コロナ騒動の中気が付いたこと

新型コロナの影響で「どっぷり昭和町」が中止になってしまいました。
感染の拡大とか人々の健康を考えると仕方がないのは分かるのですがやはり気持ちとしては寂しいなぁ、と。
阿倍野に引っ越してジェラート屋始めて以来、毎年出店するのを楽しみにしていたイベントだったんですよ。
売上だって正直なところ期待してた訳でもありますし。

僕みたいな個人の飲食店は結局のところ自転車圏内の方にどれだけ楽しんでもらえるか、を商いの基本において考えないといけないのだろうと常々思っています。もちろん遠方からのお客さんを考えないということではなく(それもとても大事なことです)日々のわずかな利益は地元の方に喜んでいただくことでちょっとづつ積み上げていく、という意味です。

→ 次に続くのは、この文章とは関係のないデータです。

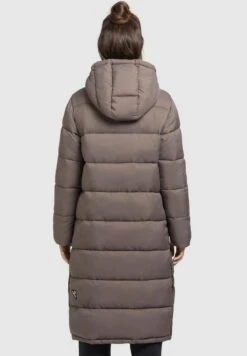 Khujo JULINA MATT - Wintermantel - Taupe 2 Khujo JULINA MATT - Wintermantel - Taupe -Deutschland Khujo Verkaufs-Shop 540fa55e020247f089841b2bcb7606ef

今回のコロナ騒ぎの中でいろいろ考えることがありました。
僕は普段ジェラートを販売しているのですが、お客さんはジェラートなり生チョコなどだけを購入している訳ではないんだよなぁ、と思うようになりました。
どういうことかというと、ここ最近の外出自粛ムードの中でもお店にいらして下さるお客さんを見たり、社会的距離をとりながらお話したりしていると、コロナウイルスによる自粛ムード、その中で終息の目途が見えないことによる心理的不安や、そこから感じるストレス、すっきりとしない気分をほんの一時弛緩させる、ホッとできる、笑顔になれるものを求めてうちのジェラートを買ってくれているんだろう、と思うようになった、ということです。

そんなの当り前じゃないか、客商売、BtoCの商いの基本だよ。そんなこともお前は知らなかったのか、と言われそうですが、理屈として理解したつもりになっていることと、実際にお客さんからそれを実感させられることとは全く違う、というのをしみじみと思いました。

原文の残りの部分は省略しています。